Efficient frontier analysis

Revision as of 16:29, 4 April 2004 by N8chz (talk | contribs) (attempt at a fairly nontechnical intro to subject)
(diff) ← Older revision | Latest revision (diff) | Newer revision → (diff)

efficient frontier analysis

The efficient frontier is a w:convex hull of the a set of data points. It is a concept that has been in circulation for a long time, and has been used in a wide variety of disciplines. For this reason, it is known by many names, and many nomenclatures for describing its various intricacies. Synonyms are numerous, and include:

  • efficiency frontier
  • efficient set
  • Pareto optimal set
  • non-dominated set
  • convex hull
  • multiple objective optimization (MOO)

Efficient frontier analysis (EFA) is used to negotiate "optimal" compromises between "competing" objectives. The classic textbook definition of EFA is found in financial textbooks and is based on the "tradeoff" between risk (called "beta" or covariance between a given issue and "the rest of the market") and reward (called yield) expected from various available issues of financial paper (stocks, bonds etc.) In the textbook example, it is assumed that investors wish to minimize beta (i.e. risk) and maximize yield. In such textbooks, beta is the abscissa (horizontal axis) and yield is the ordinate. The convex hull of the data points consists of those points that can't be enclosed by connecting other points (dots) with line segments. The portion of the convex hull that is of interest when one is interested in maximizing the vertical axis variable while minimizing the other is the upper left (possibly referred to as "northwest") portion. An intuitive test of whether a particular point is in this upper left frontier would be to "move the origin" to the point in question. If the point is "non-dominated" within the larger set, then there will be no points in the fourth (southeast) quadrant after moving the origin in this way. Think of "non-dominated" as the opposite of "dominated." If one candidate's parameters are "superior in every way" to another's, one might say the former "dominates" the latter. The EFA method applies to optimization problems in other fields, too. A two variable EFA might define the efficient set as the upper right, lower right or lower left convex hull depending on which variables one wishes to minimize or maximize. When negotiating between more than two objectives, of course, the number of efficiency frontiers is more than four. Needless to say, EFA relies on a number of assumptions:

  • The variables being analyzed are quantitative (well ordered).
  • The design criteria unambiguously prefer either larger or smaller values for any particular variable.

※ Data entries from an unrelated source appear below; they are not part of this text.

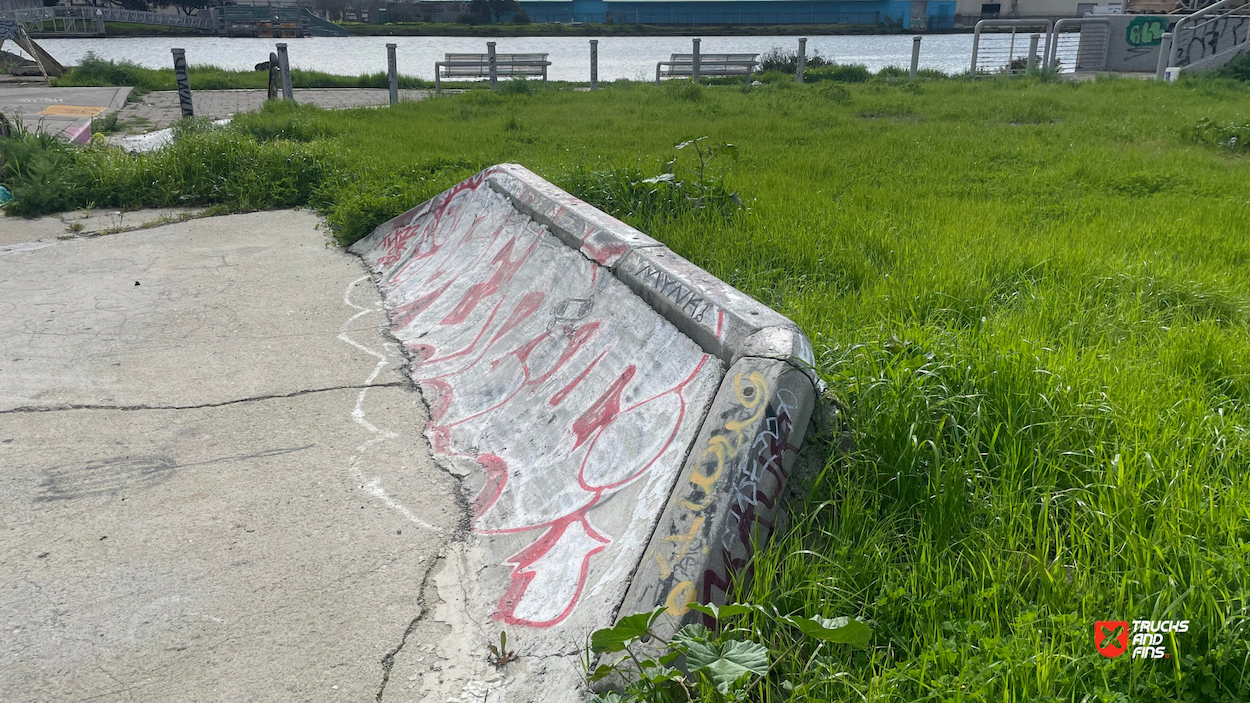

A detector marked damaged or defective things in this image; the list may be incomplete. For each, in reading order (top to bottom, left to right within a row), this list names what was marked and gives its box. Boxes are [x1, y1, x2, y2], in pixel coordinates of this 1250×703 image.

crack in concrete [0, 380, 402, 412]
cracked concrete slab [0, 208, 465, 700] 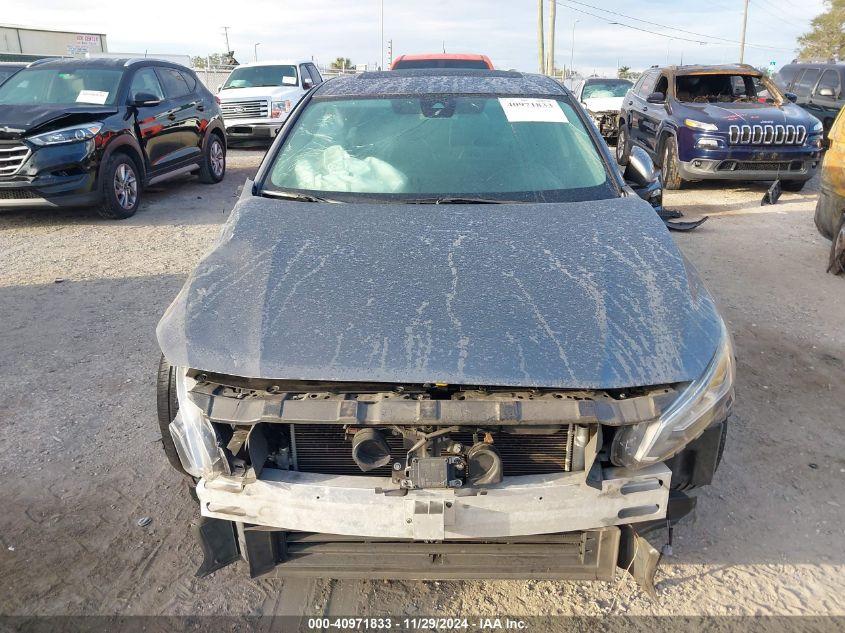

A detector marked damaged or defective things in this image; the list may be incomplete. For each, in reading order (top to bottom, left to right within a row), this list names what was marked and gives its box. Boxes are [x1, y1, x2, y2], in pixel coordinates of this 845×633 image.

broken headlight [167, 368, 227, 476]
dented hood [160, 195, 724, 388]
damaged gray sedan [157, 71, 732, 592]
broken headlight [608, 320, 736, 470] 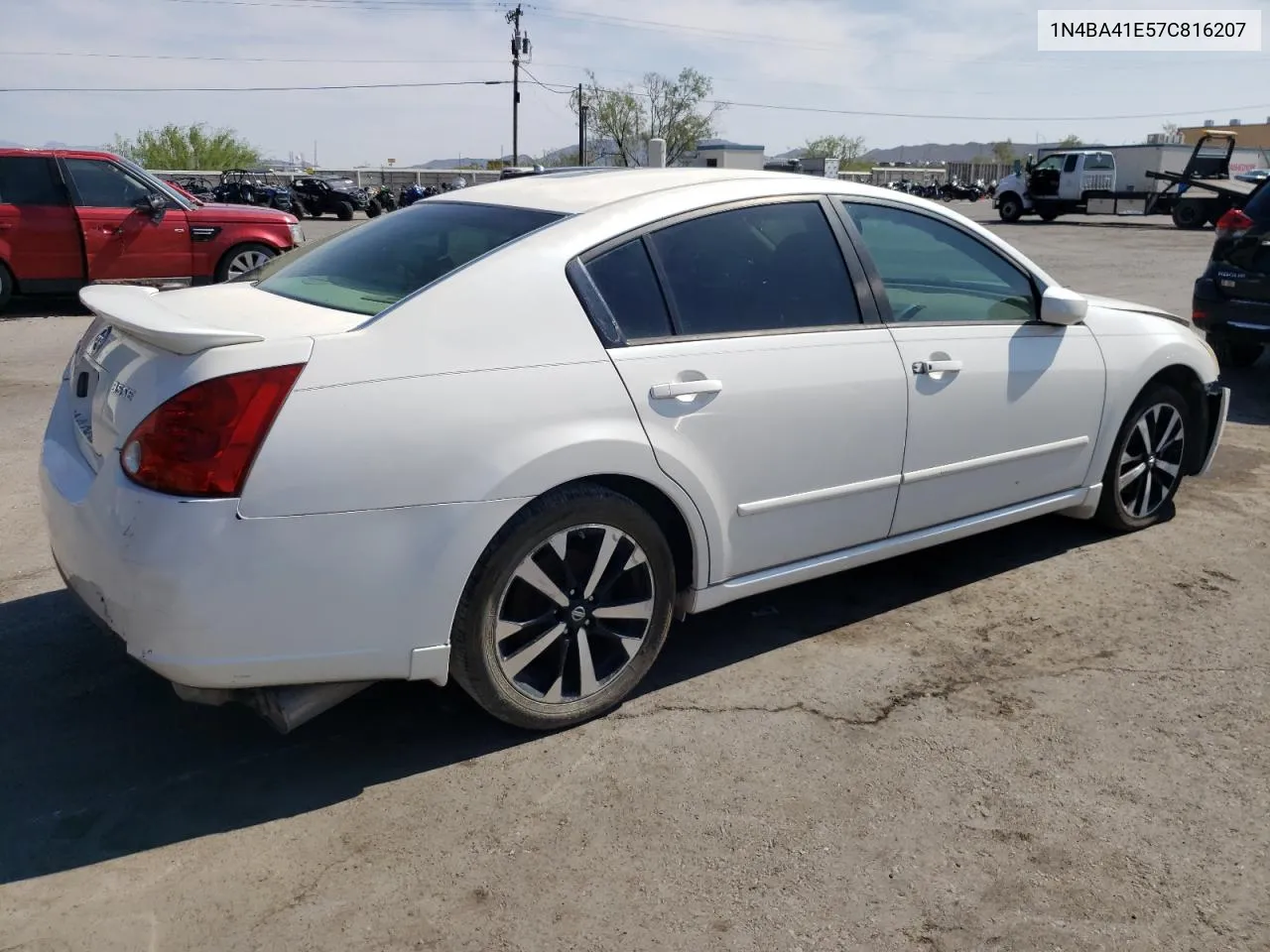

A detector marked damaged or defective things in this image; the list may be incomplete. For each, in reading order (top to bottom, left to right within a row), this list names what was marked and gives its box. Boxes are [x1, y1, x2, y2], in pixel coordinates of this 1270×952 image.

crack in pavement [611, 664, 1259, 731] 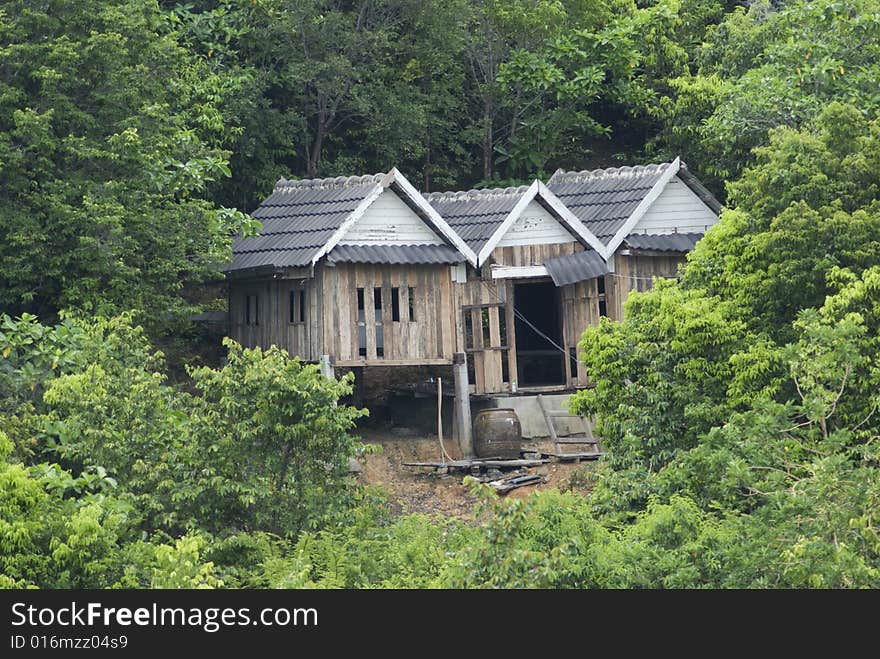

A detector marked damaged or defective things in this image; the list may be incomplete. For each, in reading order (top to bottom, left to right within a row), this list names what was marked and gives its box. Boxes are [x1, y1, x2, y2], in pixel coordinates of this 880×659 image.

rusty barrel [474, 408, 524, 458]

The applicability of EFA to Consumerium activities may be limited, or even irrelevant. There seems to be a decided preference for non-quantitative over quantitative criteria in describing Consumerium norms and priorities. The reasoning behind this seems to include a desire to emphasize an ethical agenda rather than ask shallowly commercial questions such as "is the price of X commensurate with its 'specifications?'"

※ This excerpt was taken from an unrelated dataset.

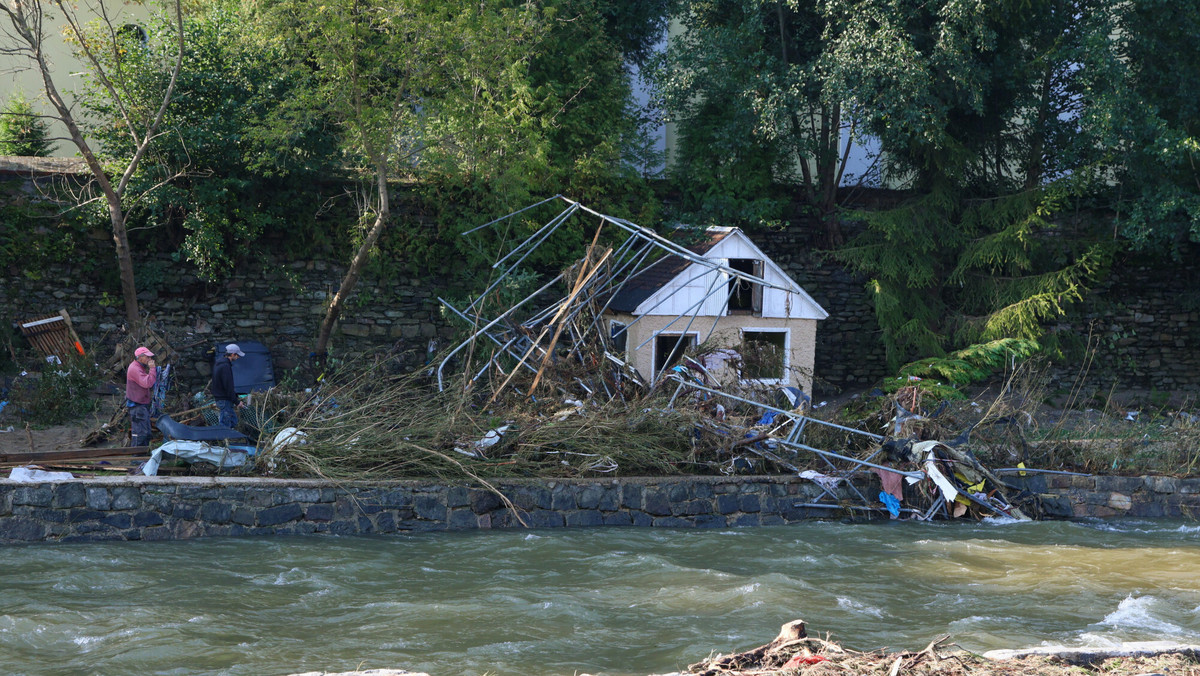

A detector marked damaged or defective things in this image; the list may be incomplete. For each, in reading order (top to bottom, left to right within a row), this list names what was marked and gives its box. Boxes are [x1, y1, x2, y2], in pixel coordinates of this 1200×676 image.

damaged house [604, 226, 830, 391]
broken window opening [724, 259, 763, 316]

The present author has included this information on EFA in Consumerium's pages, anyway, because it seems reasonable to believe that some criteria of interest to Consumerium may be approximated by "yes or no" type questions...

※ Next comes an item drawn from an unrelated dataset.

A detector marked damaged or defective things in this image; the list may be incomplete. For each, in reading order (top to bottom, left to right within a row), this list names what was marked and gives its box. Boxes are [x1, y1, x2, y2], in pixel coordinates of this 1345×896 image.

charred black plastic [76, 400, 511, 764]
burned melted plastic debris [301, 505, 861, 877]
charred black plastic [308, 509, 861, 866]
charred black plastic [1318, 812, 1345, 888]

  • Does X incorporate animal products?
  • Are documented deviations from International Law associated with X?

For the sake of argument, let's assume that the preferred answer to both these questions is "no." We can associate the word "no" with the number 0 and "yes" with 1. In this case we have the "order property," and consider the lower left frontier efficient. If there are no data points for which the answers are unkown, then there are four possible locations in the graph. If the location (0,0) is inhabited, then its inhabitants would comprise the efficient set. If it is uninhabited, then either (1,0) and (0,1) are uninhabited, in which case the entire set is efficient (and also inefficient, of course). Otherwise, the efficient set consists of the (1,0) and (0,1) points combined.

In many cases, the answer to yes/no questions (or for that matter questions with numeric answers) can be "unknown." This possibility must be accounted for. One might by default assume that "maybe" belongs between "yes" and "no," but the positioning of "maybe" depends on the situation. For example, for research activities, one might wish to identify and patch "holes" in Consumerium's knowledge base. In such a case, an efficiency-based "queueing system" for picking factoids for further investigation, the "maybe" value might be prioritized above the other two. A description of such a strategy is given in my essay "efficient shopping lists:"

http://geocities.com/n8chz/esl.htm

Another use Consumerium might have for EFA would concern information volunteered to Consumerium (or to the public domain at large) by entities, concerning their own products. In such a scheme (certainly in the public domain), which "variables" of interest are made public can vary between suppliers. If Consumerium holds "transparency" as a "good" (as seems to be the case), supplied values should perhaps be preferred over unsupplied in some cases. In the previous sentence, the word "transparency" refers to a general preference for more (public and accurate) information over less.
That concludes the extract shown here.